[R] cpquery problem

Sun Jul 31 10:11:16 CEST 2016

Hi Marco

Thanks for your prompt reply.

First, I have been using the parse(eval()) convention because I saw it
used in some example code for running cpquery, but am happy to drop this
practice.

I have tried running the cpquery in the debug mode, and found that it
typically returns the following for instances where the conditional
probability is returned as 0:

   > event matches 0 samples out of 0 (p = 0)

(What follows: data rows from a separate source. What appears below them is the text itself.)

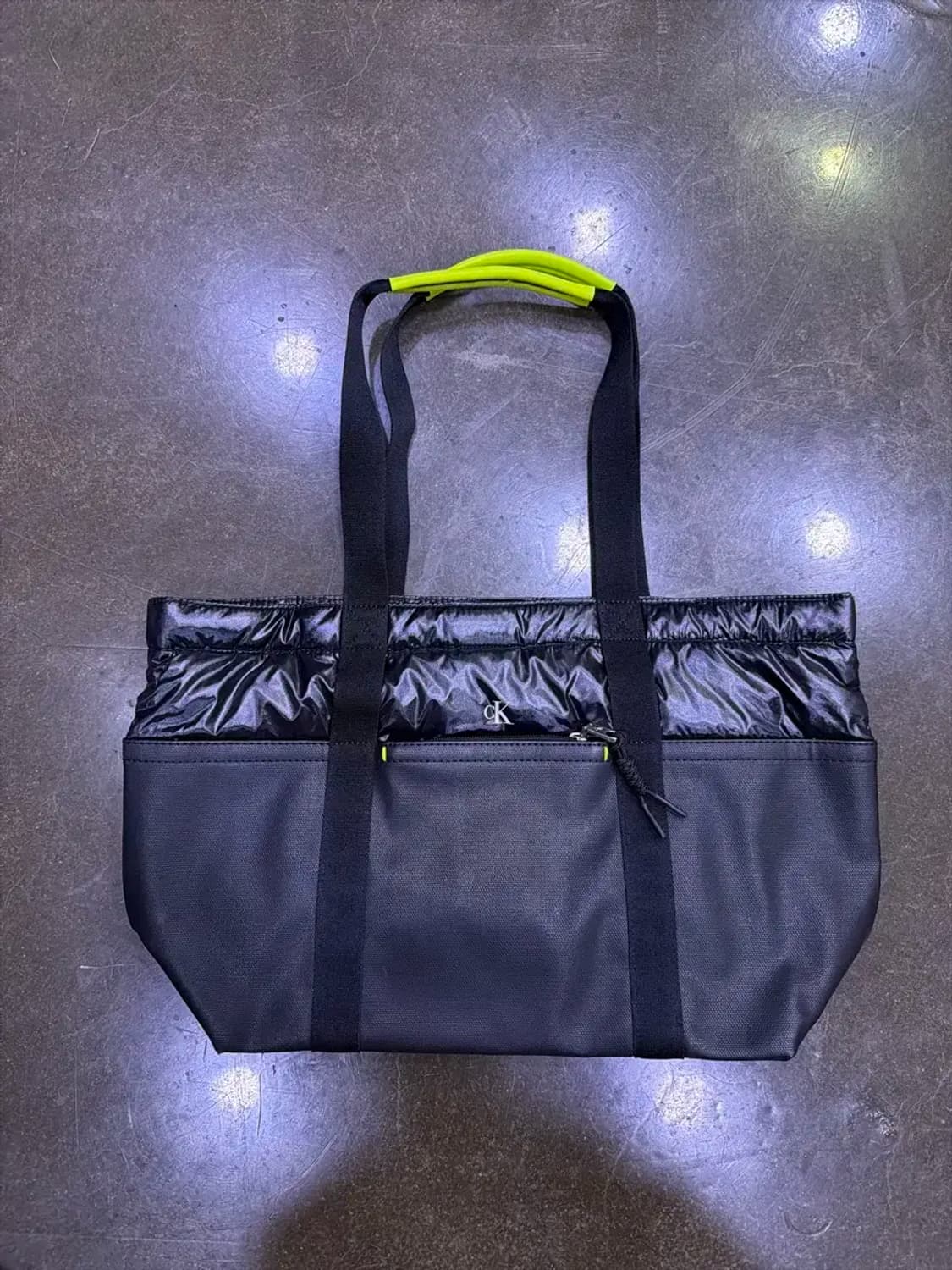 캘빈클라인 ck 스포츠 에센셜 패딩 토트백 상품이미지4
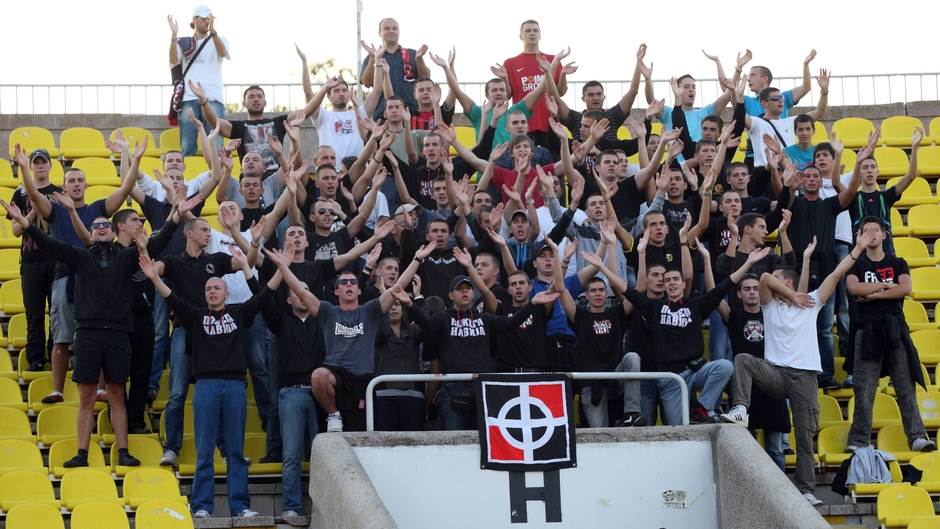  Crveno-crni klubovi: Milan, Flamengo, Njuels, Atletiko, Sloboda, Čelik, Vardar, Ajntraht... 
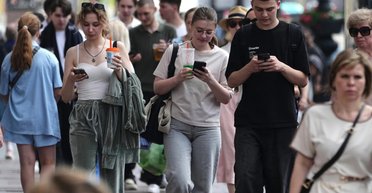 Атаки українських дронів змусили росіян місяцями жити без інтернету, — FT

Am I right in understanding that the Monte Carlo sampling has been unable
to create any cases that match the query?  If so, why would this be if the
evidence used is very typical of an average case in the data used to train
the network?

Also, I have run predict on this network and get very good correlations
between the predicted and actual observations (r-squared 0.8 - 0.9).  Why
would it be that the network can return near perfect predictions can be so
good for a test set while the conditional probabilities remain at zero for
when exploring the same data set?

I think that I must be missing something in my deployment of the package
or the interpretation of the output.

Many thanks for your help.

Ross

On Fri, July 29, 2016 7:34 pm, Marco Scutari wrote:
> Hi Ross,
>
>
> first, I have a side question: is there a particular reason why you are
> using parse(eval()) in your queries? I know sometimes there is no other
> solution if you only use exported functions, but you should try not to. It
> makes for brittle code that breaks easily depending on how variables are
> scoped.
>
> On 29 July 2016 at 07:37,  <ross.chapman at ecogeonomix.com> wrote:
>
>> However, if I replace EST=='x' with EST=='z' or EST=='y' I get 0
>> probability of obtaining a value for ABW that is either greater or less
>> than the threshold.
>>
>> For example:
>>
>>
>>> cpquery(fitted,event=(ABW>=11), evidence=eval(parse(text="(EST=='y' &
>>> TR>9
>>>
>> & BU>15819 &  RF>2989)")),n=10^6)
>>
>>
>> [1] 0
>>
>>
>> and
>>
>>> cpquery(fitted,event=(ABW<=11), evidence=eval(parse(text="(EST=='y' &
>>> TR>9
>>>
>> & BU>15819 &  RF>2989)")),n=10^6)
>>
>>
>> [1] 0
>>
>
> From this output, my guess is that the evidence has probability
> (exactly or close to) zero. You can check by running cpdist(): if the
> evidence has probability zero, no random samples will be returned. Turning
> on the debugging output in cpquery() should also highlight what the
> problem is.
>
> If that turns out to be the case, switch from the default method =
> "ls" to method = "lw" in cpdist(). (Note that the syntax changes
> slightly, check the documentation for examples.)
>
>> My own knowledge from the data is that these classes should both
>> typically return a value for ABW that is very much higher than the
>> threshold value.
>
> That may be, but much depends on the specific sample the model was
> fitted from. How does the fitted network look like?
>
> Cheers,
> Marco
>
>
> --
> Marco Scutari, Ph.D.
> Lecturer in Statistics, Department of Statistics
> University of Oxford, United Kingdom
>
>